Je vous demande la permission de vous montrer l’économie de mes quatre articles.
Vous le savez d’une façon générale, et moi je le sais comme délégué aux Services publics d’une manière particulière, le jeu des municipalités et de la Guerre ne se fait pas bien; on ne peut pas être en même temps aux avant-postes, à la Commune et aux mairies. Mon article 1er demande donc que les municipalités s’occupent spécialement de l’organisation de la Garde nationale et des subsistances; il faut que les citoyens élus, revêtus d’un mandat direct, s’occupent de la défense de la manière active, d’une manière spéciale, et pour cela il faut qu’il n’y ait plus que deux ou trois séances par semaine. Voilà pour l’article 3. Cependant, il peut se faire qu’une mesure très importante nécessite une séance extraordinaire; dans ce cas, dix membres en sont juges et suffisent pour convoquer toute la Commune.
L’administration municipale permettez de le dire à un ancien employé de mairie, demande bien du temps, des facultés administratives, mais n’engage point la responsabilité civique et politique des élus; je veux parler ici de la surveillance à exercer, des nombreuses signatures à donner; de l’administration purement municipale. J’ai donc proposé, par l’article 2, que l’administration municipale fût confiée, sous la responsabilité des délégués de la Commune, à des hommes choisis par eux. C’est là l’économie de l’article 2. Quant à l’article 4, vous en avez toujours senti vous-mêmes la nécessité; et, en le formulant, je n’ai fait que traduire vos désirs. En présence de la foule de projets, nés de la nécessité du moment, qui ne peuvent être élaborés, ni étudiés, que par vous en assemblée générale, j’ai pensé, et vous aussi sans aucun doute, qu’il était nécessaire que les commissions respectives étudiassent ces projets. Et, par là, je n’entends pas que les commissions soient, comme cela avait lieu sous l’ancien régime, des étouffoirs de projets; les commissions ne doivent jamais être juges sans appel des projets qui leur sont soumis, et ces projets, même désavoués par une commission, devraient toujours passer à leur tour devant la Commune, afin d’y être discutés.

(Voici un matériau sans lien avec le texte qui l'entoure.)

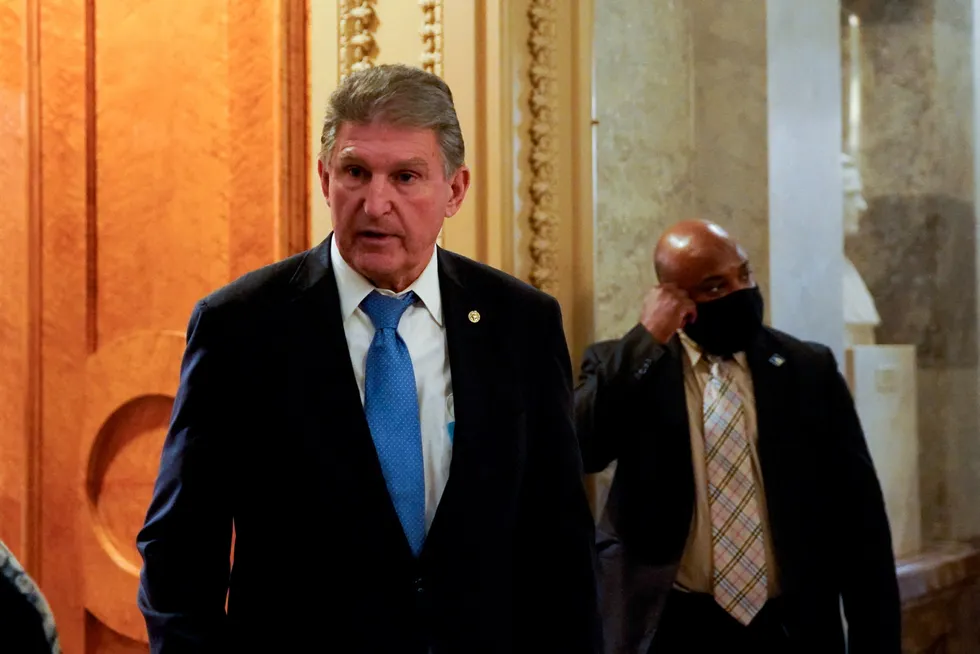Departure: US Senator Joe Manchin leaves the Senate floor after a vote at the US Capitol building in Washington D.C. on 9 December 2021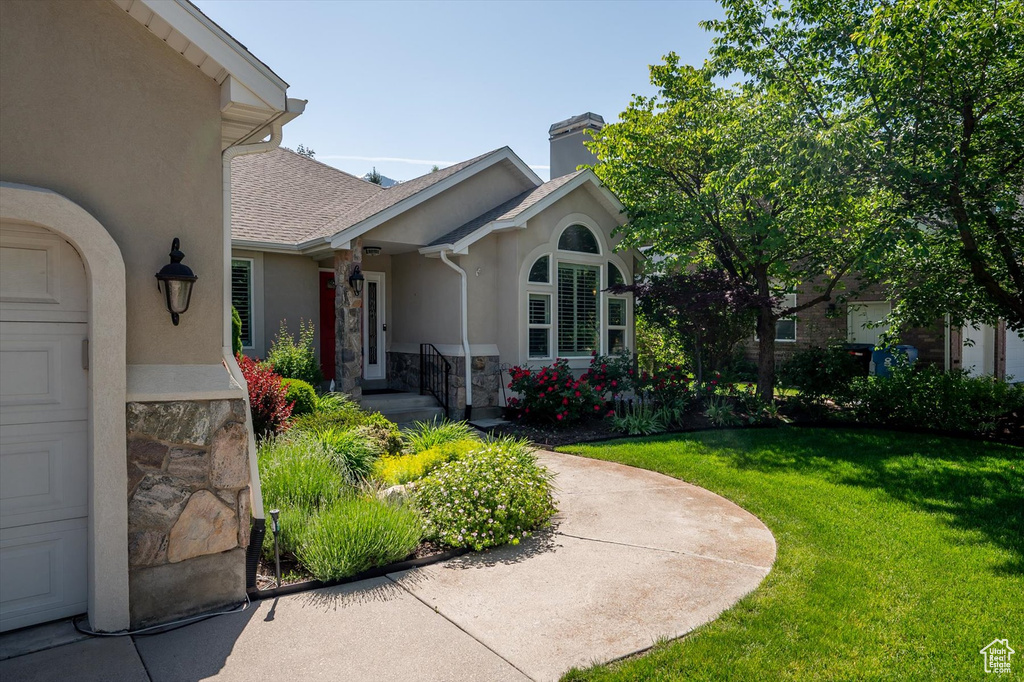 View of exterior entry with stucco siding, a yard, a chimney, stone siding, and roof with shingles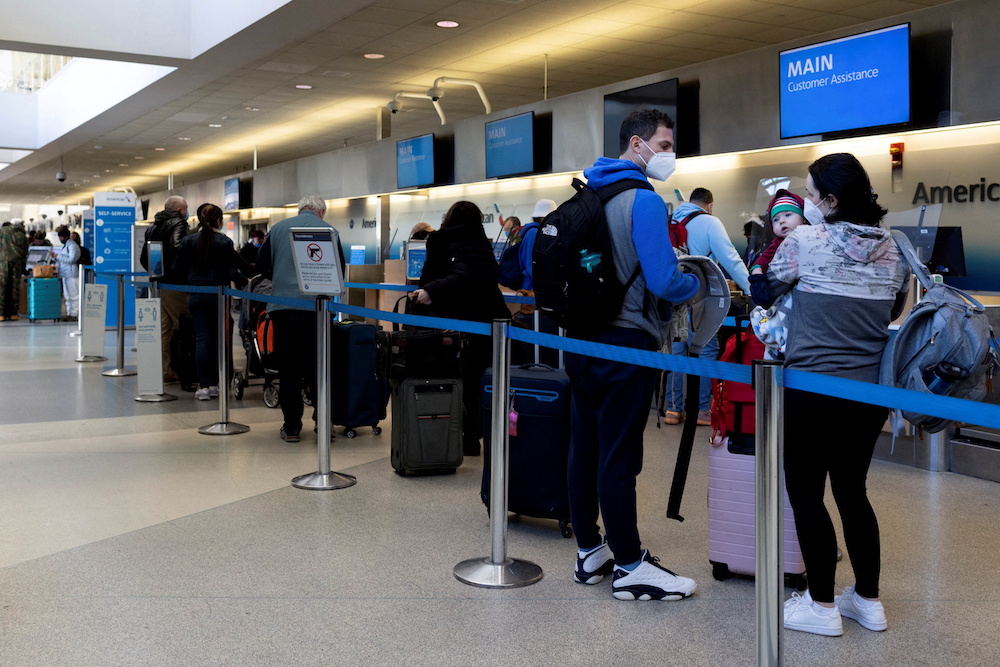 Travellers wait in line at the Philadelphia International Airport (PHL) in Philadelphia, Pennsylvania December 23 2021. u00e2u20acu201d Reuters pic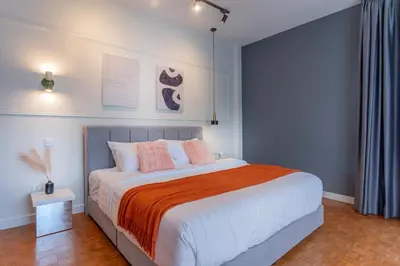 a bedroom with a large bed with an orange blanket at Embassy Villa by Cobnb at Ampang Hilir in Kuala Lumpur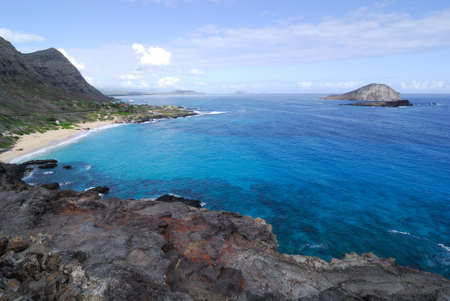 Tropical beach scene on a sunny day iin Oahu, Hawaiiの写真素材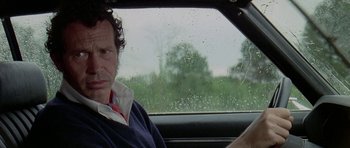 Movie still from “Two-Lane Blacktop” (1971), directed by Monte Hellman – A man sitting in the drivers seat of a car in the rain; Close Up shot, Low angle
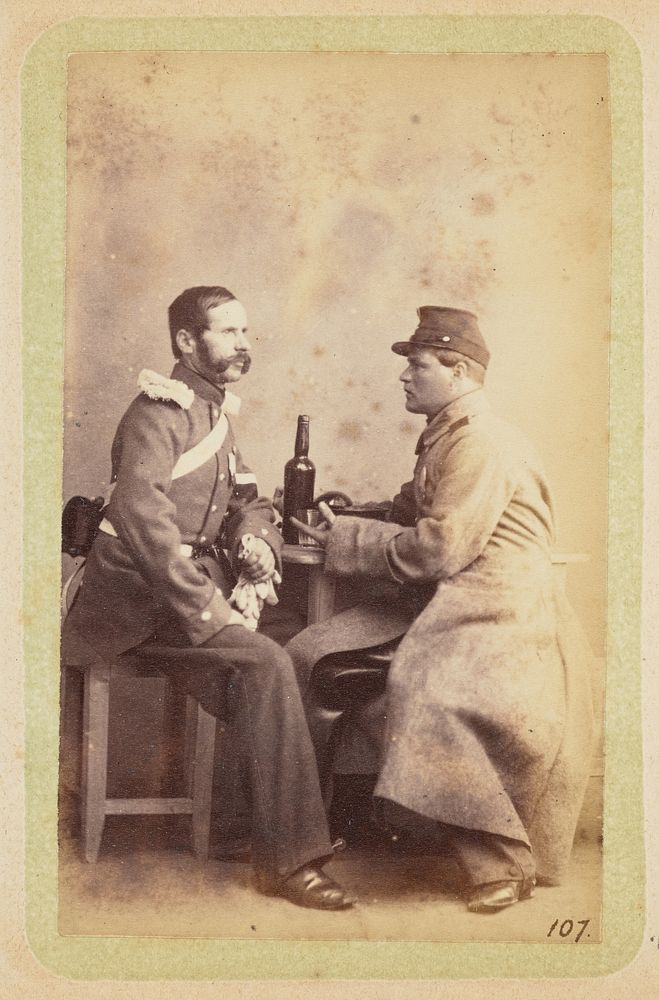 Two men seated at a table by William Carrick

Je crois fort possible, en effet, qu’un inconnu, un étranger à nos discussions, puisse nous faire parvenir un projet excellent; mais je désire qu’avant qu’il nous parvienne, il passe au préalable par une espèce d’alambiquage, qu’il soit étudié sérieusement. Il ne faut pas oublier qu’il peut nous être adressé de la sorte des projets qui ne seront rien moins que des idées de génie et qu’il serait regrettable de voir une commission les ensevelir, comme jadis l’Académie des sciences, pour la découverte de la vapeur. C’est donc une mesure des plus importantes que l’étude des projets au sein d’une commission.
Voilà, citoyens, ce que j’avais à dire sur ces quatre articles qui n’en font qu’un et dont le but est la division du travail, sans que cette division nuise en quoi que ce soit à l’unité d’action; au contraire, cette division du travail rendra l’unité d’action absolument efficace.